§ **Your task**: Pictures excluded, return the lines below from the first through the line holding "Karrocë Bebi Modus Cam".

Content starts

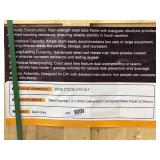 SDLANCH High End Carport 20 x 20 (SDLC2020) SDLANCH High End Carport 20 x 20 (SDLC2020)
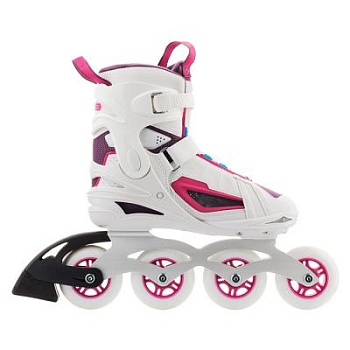 Роликовые коньки женские Kasa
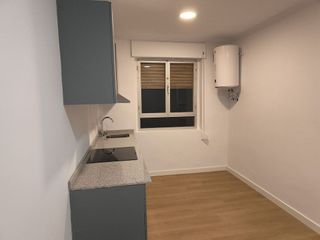 Piso en venta en El Llano en Gijón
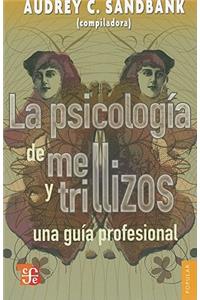 La Psicologia de Mellizos y Trillizos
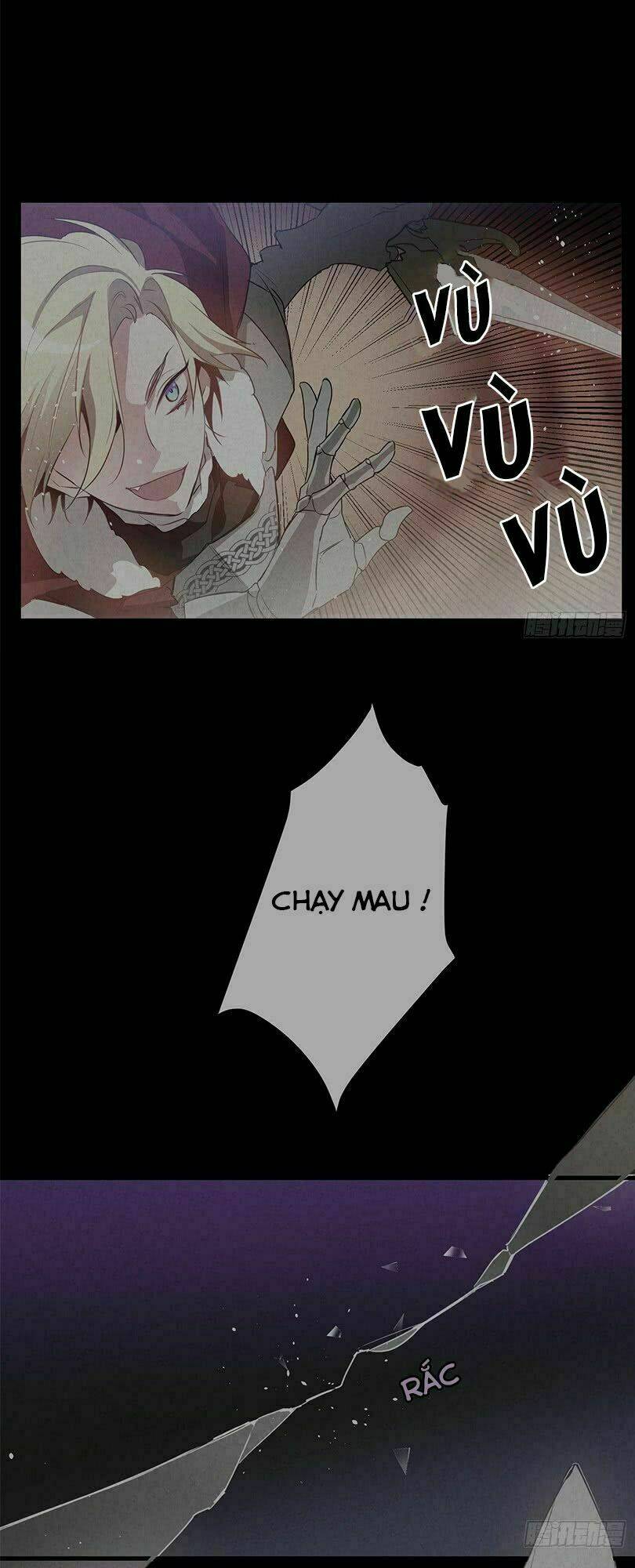 Tiểu Thư Độc Nhất Vô Nhị Có Chút Hoang Dã - Chapter 1 - Page 10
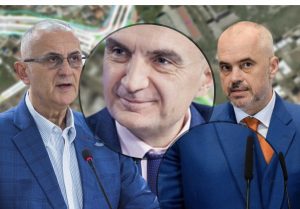 Debati Rama-Meta/ Vasili: Kryeministrit po i preke hajdutllikun kërcen menjëherë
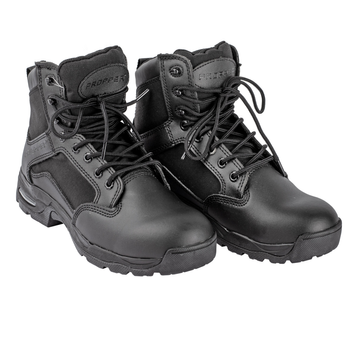 Тактичні черевики Propper Duralight Tactical Boot чорний 42.5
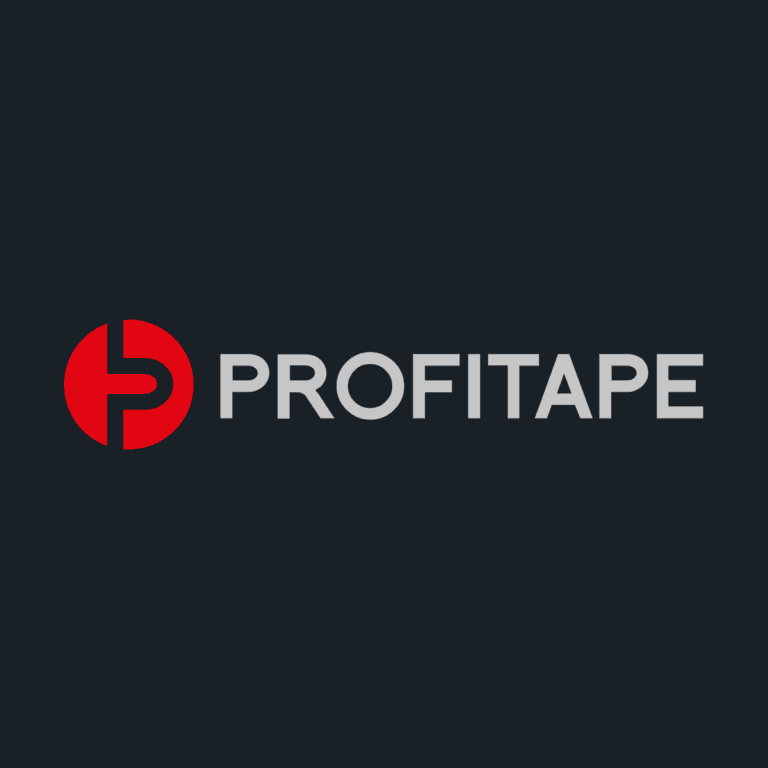 Zákazník PROFITAPE - náhled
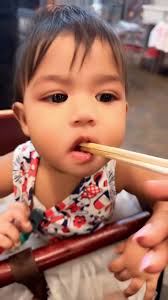 Engaging Baby Dance Videos with Chopsticks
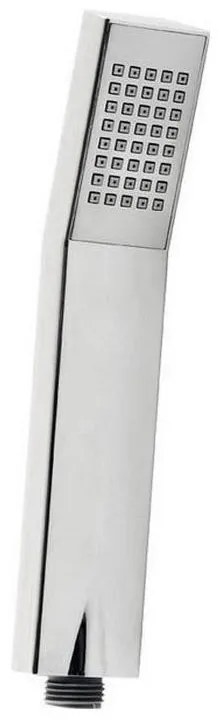 Sapho - Doccia a mano cromo lucido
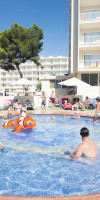 azuLine Hotel Coral Beach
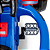 Quadriciclo Pedal e Passeio F25 Fórmula 1 Azul Calesita - Imagem 8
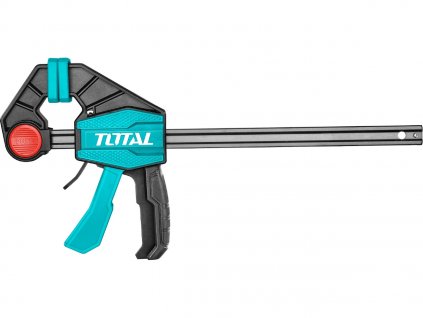 Schnellspanner, Industrie, Größe 63 × 300 mm, HCS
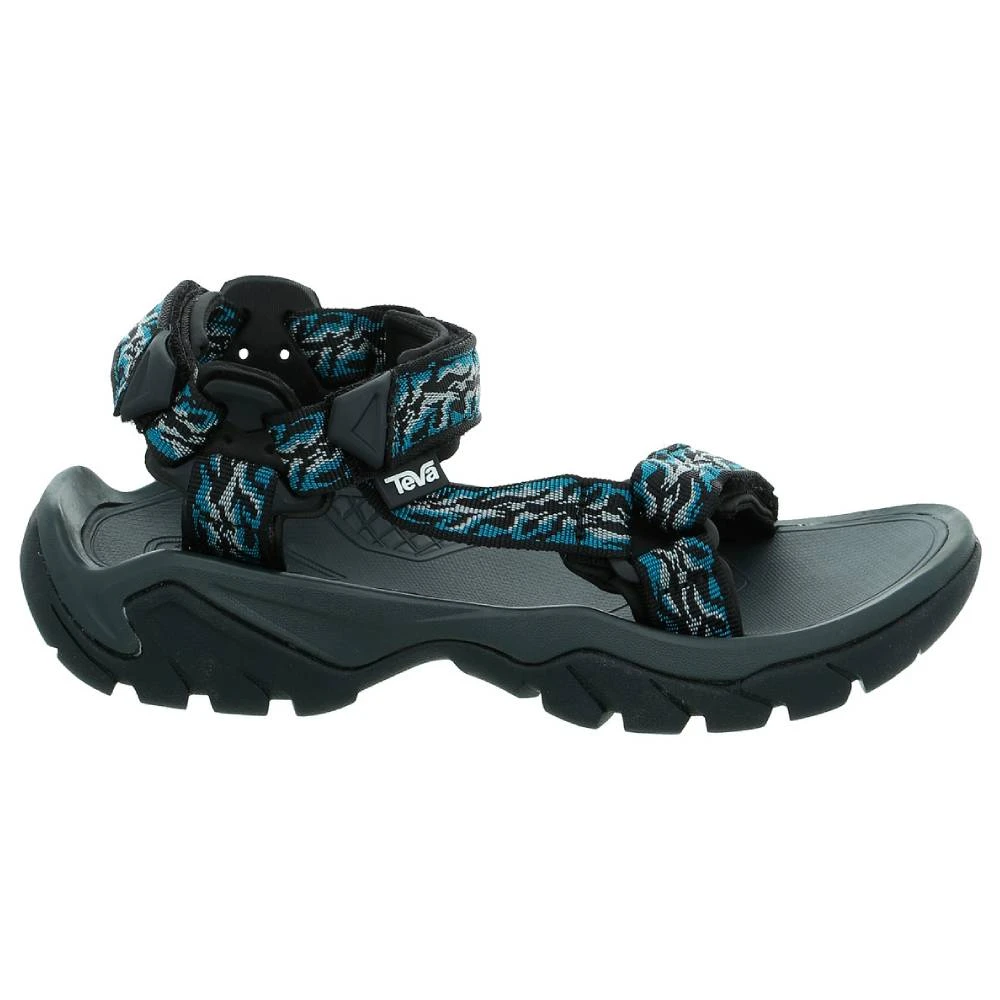 TEVA Terra Fi 5 Universal Women - Trekking-Sandalen 3 TEVA Terra Fi 5 Universal Women - Trekking-Sandalen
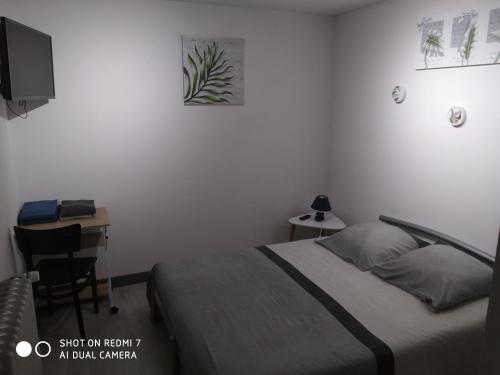 Le Risle Hôtel - carbon neutral hotel in Unknown City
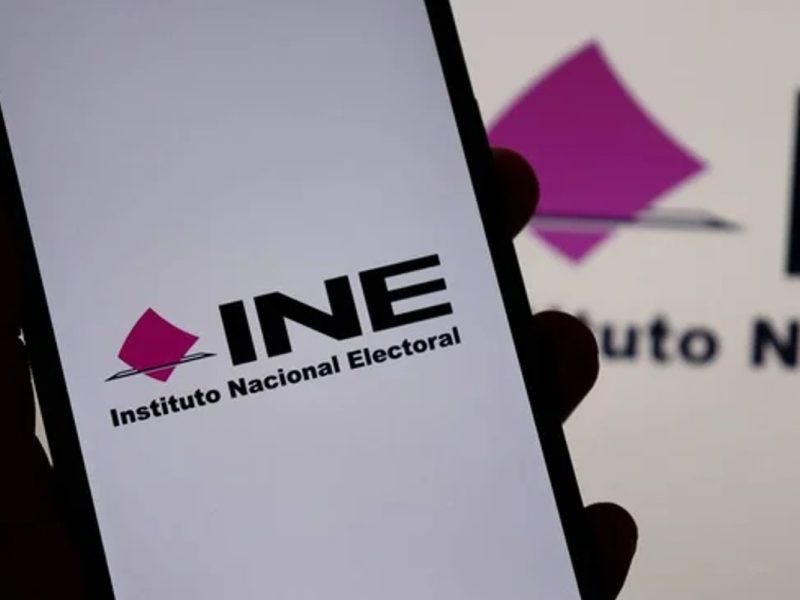 credencial para votar en el extranjero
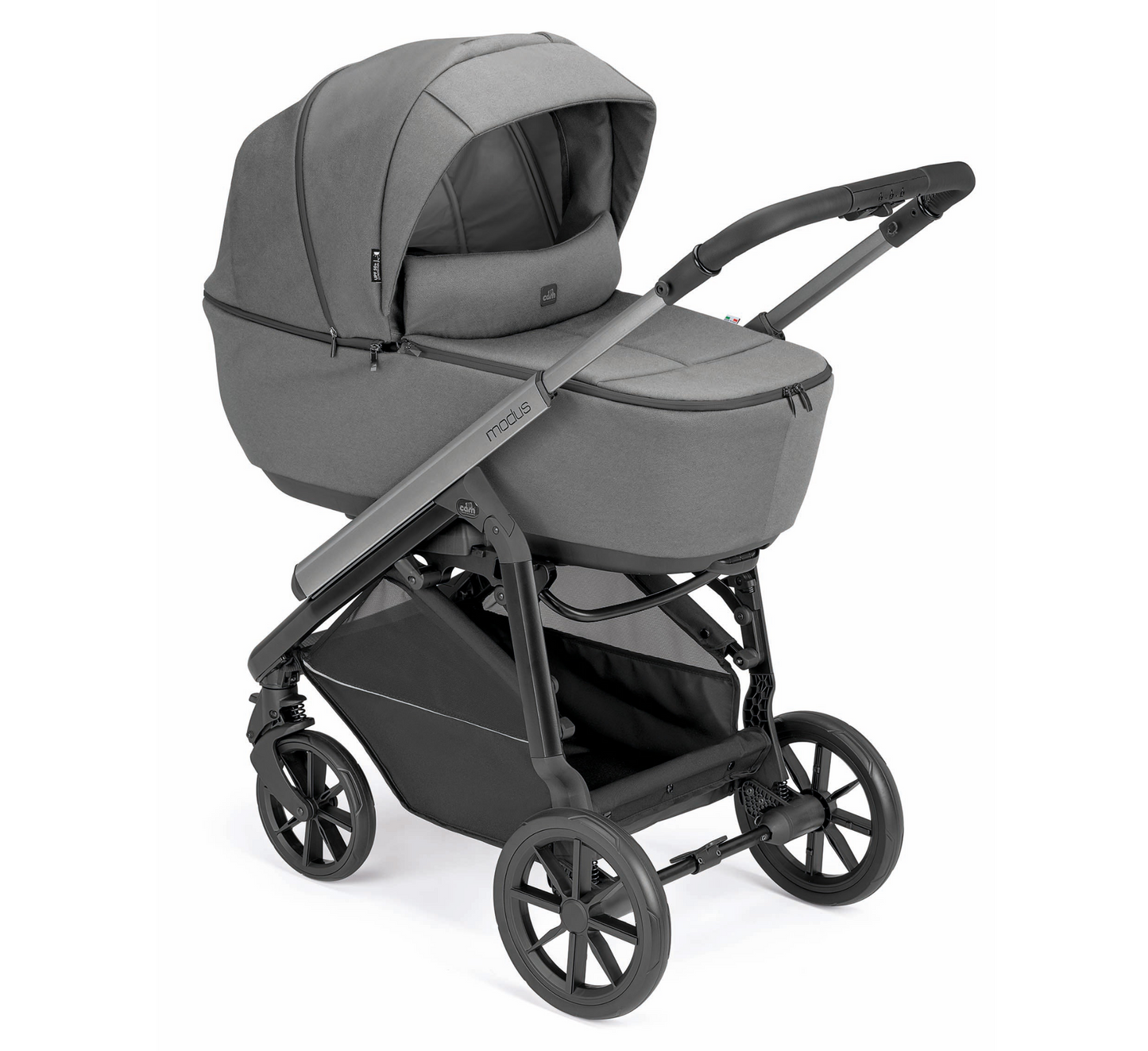 Karrocë Bebi Modus Cam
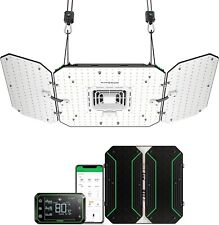 VIVOSUN AeroLight AW200,200W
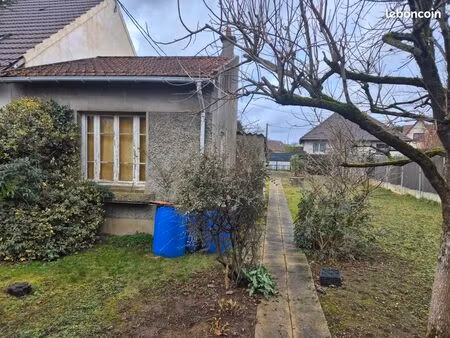 maison 2 pièces 15 m²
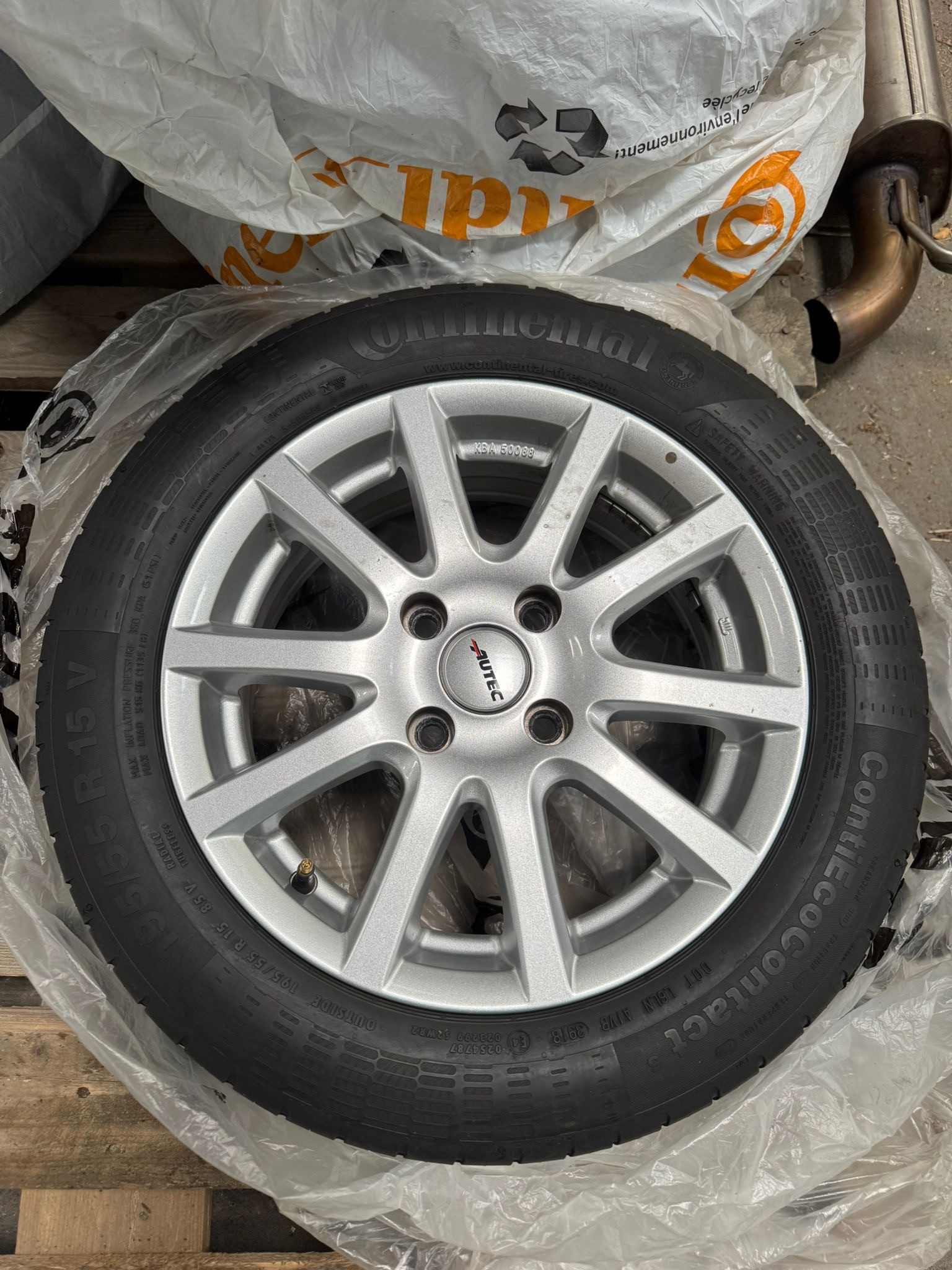 FORD KA+ 1.2 Ti-VCT Active. 5 portes-image-19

Content ends

§ **Response below**:
 SDLANCH High End Carport 20 x 20 (SDLC2020) SDLANCH High End Carport 20 x 20 (SDLC2020)
 Роликовые коньки женские Kasa
 Piso en venta en El Llano en Gijón
 La Psicologia de Mellizos y Trillizos
 Tiểu Thư Độc Nhất Vô Nhị Có Chút Hoang Dã - Chapter 1 - Page 10
 Debati Rama-Meta/ Vasili: Kryeministrit po i preke hajdutllikun kërcen menjëherë
 Тактичні черевики Propper Duralight Tactical Boot чорний 42.5
 Zákazník PROFITAPE - náhled
 Engaging Baby Dance Videos with Chopsticks
 Sapho - Doccia a mano cromo lucido
 azuLine Hotel Coral Beach
 Quadriciclo Pedal e Passeio F25 Fórmula 1 Azul Calesita - Imagem 8
 Schnellspanner, Industrie, Größe 63 × 300 mm, HCS
 TEVA Terra Fi 5 Universal Women - Trekking-Sandalen 3 TEVA Terra Fi 5 Universal Women - Trekking-Sandalen
 Le Risle Hôtel - carbon neutral hotel in Unknown City
 credencial para votar en el extranjero
 Karrocë Bebi Modus Cam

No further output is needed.